BRICKS & MORTAR: A Roman holiday (home)

By bne IntelliNews November 23, 2006

Adina Postelnicu -

Romania's real estate market has the glamour of designer jewellery – everybody wants a piece of it.

Characterized as frenetic by analysts, the property market offers yields that jumped to over 20% in the last two years and has even accelerated as Romania gets closer to joining the EU. Apartment prices have risen by as much as four times over the last three years, reaching more than €1,000 per square metre, while house prices in parts of Romania’s main cities go for half a million euros in some cases, an inconceivable sum just two years ago.

Can it continue? Needless to say, it all depends on who you talk to.

“There is pressure coming from expectations of a sudden increase in prices once Romania will join EU in January 2007,” says Lacramioara Isarescu, associate director at Trammel Mackenzie Risk Control, a property development, consulting and brokerage company. “These are false expectations.”

Isarescu does not expect big changes, rather a market that will cool towards the end of 2007. From her perspective, Romanian real estate is a sellers’ market, with lots of money but a lack of many viable projects.

Many are more pessimistic. Recently, economists began drawing attention to the danger of an overheated market. Valentin Lazea, chief economist of the central bank, went so far as to warn the public earlier this year of a bubble and a collapse in prices.

Others, however, predict more good times ahead.

Myths and money

“It’s a rolling stone… 2007 will be a very good year for real estate investors in Romania,” argues Philippa Weitz, managing director of PWT Overseas, a UK company that represents a Romanian real estate firm.

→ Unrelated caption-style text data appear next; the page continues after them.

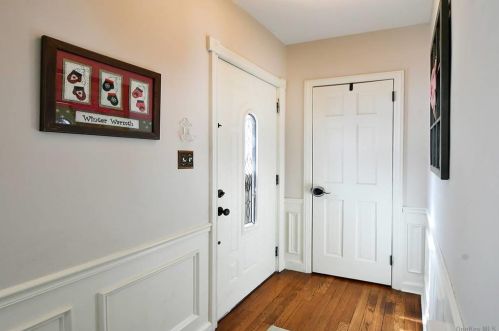 2707 Range Rd, North Bellmore, NY 11710-2844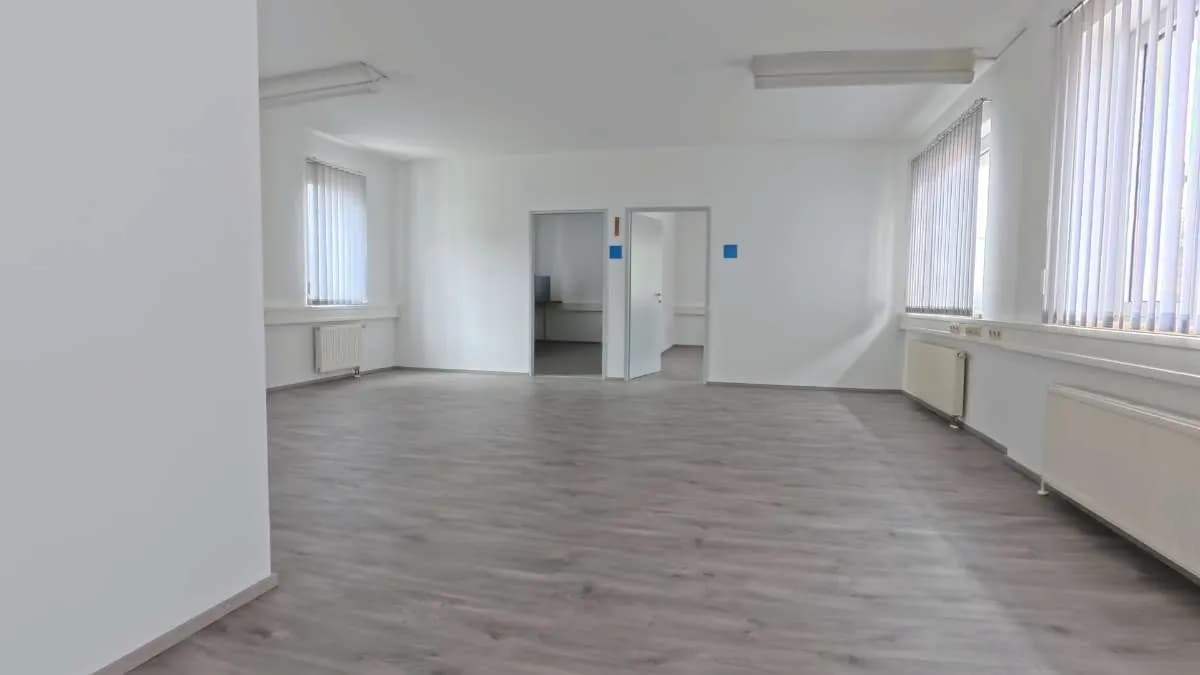 Gewerbeimmobilie mieten in Eferding – 150 m², € 1.500 – Bild 7 von 16
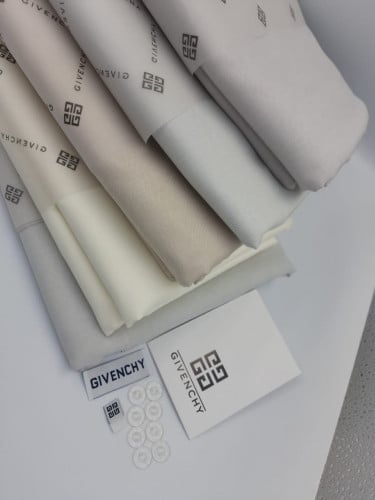 عرض الميجا : قماش جيفنشي صيفي 4 اقمشة والخامس مجان...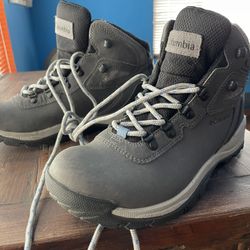 COLUMBIA Women’s Size 10 Newton Ridge Hiking Boots 🥾; BRAND NEW! Never Worn! WATERPROOF 💦!
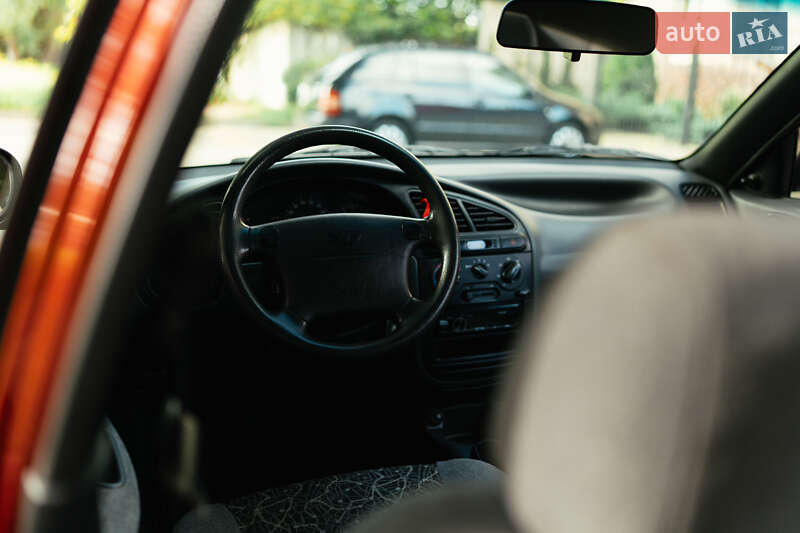 Седан Daewoo Lanos 2004 в Хмельницком
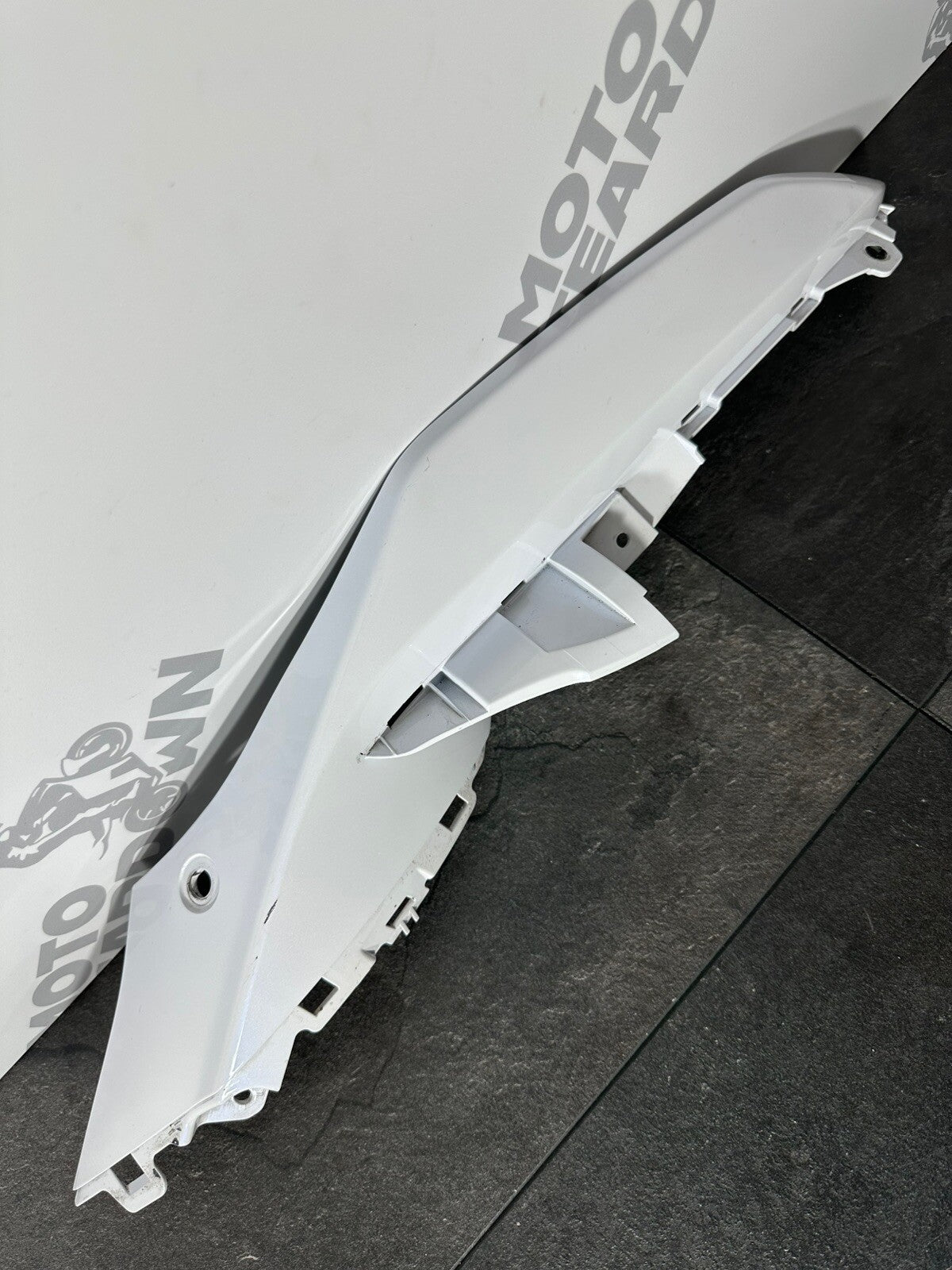 Suzuki GSXR 1000 2014 Right Side Upper Fairing Panel 22774 Miles 2009-2016 OEM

A study done by PricewaterhouseCoopers (PwC) reckons that EU accession will help propel the market onwards and upwards. "The prices for new residential properties should continue to rise as the expectation is that post-accession prices will align to the ones in the European Union," the consultancy says.

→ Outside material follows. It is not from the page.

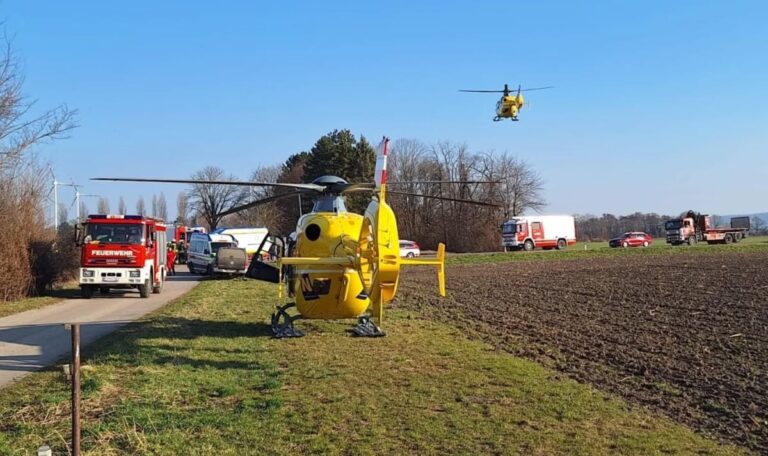 Frontalcrash mit Familie: Zwei Hubschrauber im Einsatz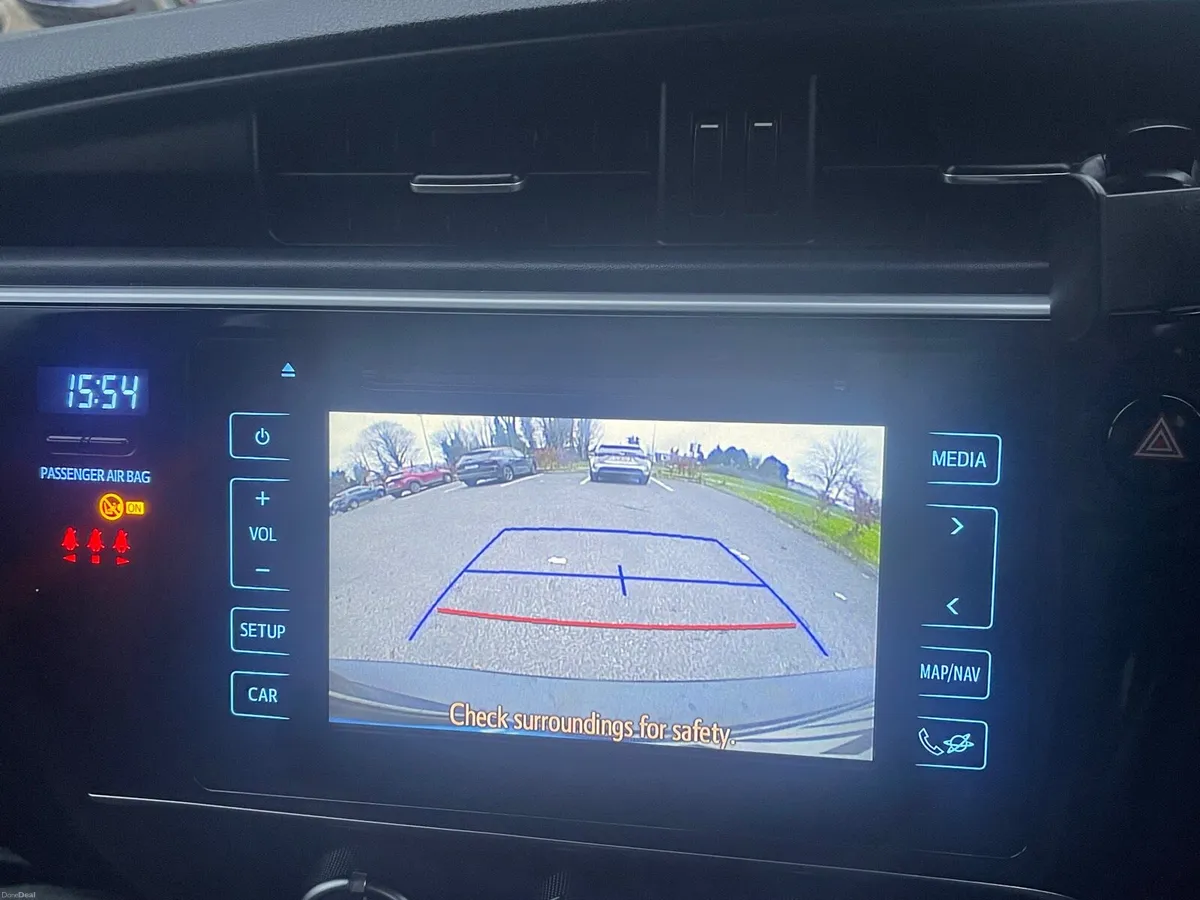 Toyota Corolla - Image 3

Certainly, the geographical spread of investors is widening. Investment funds that are pouring money into Romanian real estate now hail mainly from Austria, Germany, Italy, Ireland, and more recently as far afield as Lithuania and India.

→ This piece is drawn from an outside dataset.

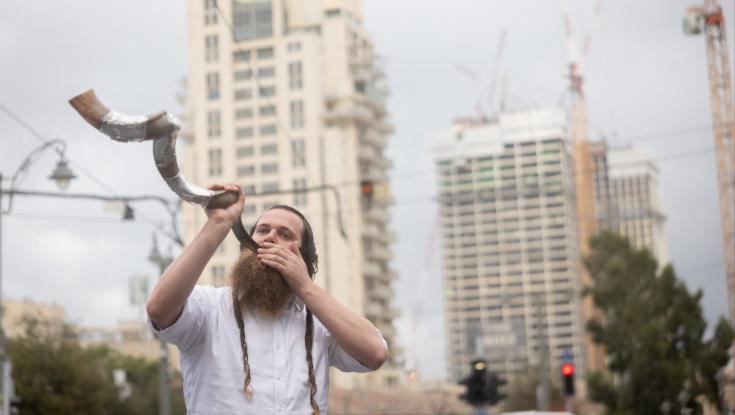 אחת ולתמיד: למה חוגגים את ראש השנה במשך יומיים?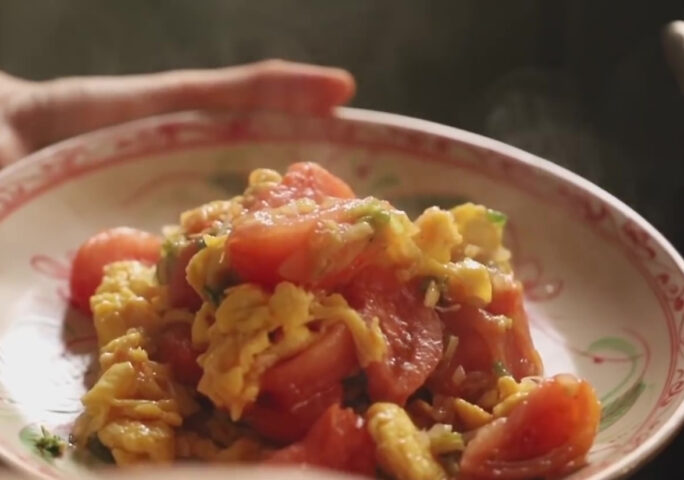 4 Easy and Simple Egg Dishes – Stir-Fried Tomato and Scrambled Eggs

In Timisoara – a city in northwest Romania where PWT Overseas' Romanian partner is based – Weitz is expecting “a buoyant market, with prices increasing sharply over the next two years.”

Only afterwards will prices cool, she adds, as the market can't maintain such growth for too long.

Indeed, Timisoara, where the Romanian Revolution began 16 years ago, is the fastest growing city in Romania, with zero unemployment and investments that are the envy of the rest of the country. Yet the British, known for their obsession with property, have so far been “a bit nervous" about investing in the country, Weitz says.

She attributes this to myths about Romania that are perpetuated in certain quarters of the British press. “Romania is capable of offering the same love affair that British people have for France and Italy – all the ingredients are there,” Weitz says, alluding to tradition, fantastic architecture, good music and fine wines.

There are other, more “serious,” reasons behind her expectations: a fast growing population that will push government to expand Timisoara, and the fact that two main routes of the fourth Pan-European corridor - which will enable travel between Europe, the Balkan Peninsula and the Near East - will meet in the Timis County area.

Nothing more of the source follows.